1年の内に何度見ることができるかわからない虹,
たまゆらの命ゆえ美しい虹,
普段忘れていた憧れとか切なさとかいった感情を想い出させてくれる虹。その虹を見過ごしてしまった乗客は,
携帯電話との変わらぬ友情を確認しました。逆に川村さんはたまたまこの時,携帯を失っていたために,虹を見
ることができました。どちらがいいという訳ではありません。無意識の選択ですから。
私は皆さんに「携帯電話を捨てて,空を見上げろ!」と言っているわけではありません。私たちの生活は「何
かを求めれば,何かを失う」というトレードオフの上に成り立っています。だからこそ,
「何かを選択できる場面
に遭遇すれば,よく考えて選択をして欲しい。
」ということを皆さんには言いたいのです。
「これを選べば,あれ
を失うかもしれない。でもそれは自分にとって,あるいは仲間にとって価値のあることだ。
」と熟慮した上で行動
に移して欲しいのです。瞬間的に湧き起こる感情や欲望の奴隷になることなく,自分をコントロールするもう一
人の自分を持って選択して欲しいのです。
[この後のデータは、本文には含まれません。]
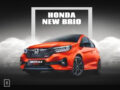 Promo mobil honda brio jawa timur angsuran 85 ribu /hari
そうすれば「あなたにとって本当に大切なもの」を失わなくて済むは
ずです。仮に失ったとしても後悔はしないはずです。
最後に3年生に一言。これから「乗り越えなければならない壁」と「自分の能力のキャパシティ」の関係で言
うと,これから卒業そして進路実現を獲得するまでの期間,この期間に味わう辛さは,恐らく人生最大の試練だ
と思います。これを乗り越えることが皆さんの人間の幅を一回り大きくします。残念ながら誰も助けてくれませ
ん。しかし,すべての人が祈ってくれています。
「君たちがきっとこの試練を乗り越えることができますように」
と。
それでは生徒諸君,2週間後,干支も入れ替わっての酉年1月6日に元気な姿を見せてください。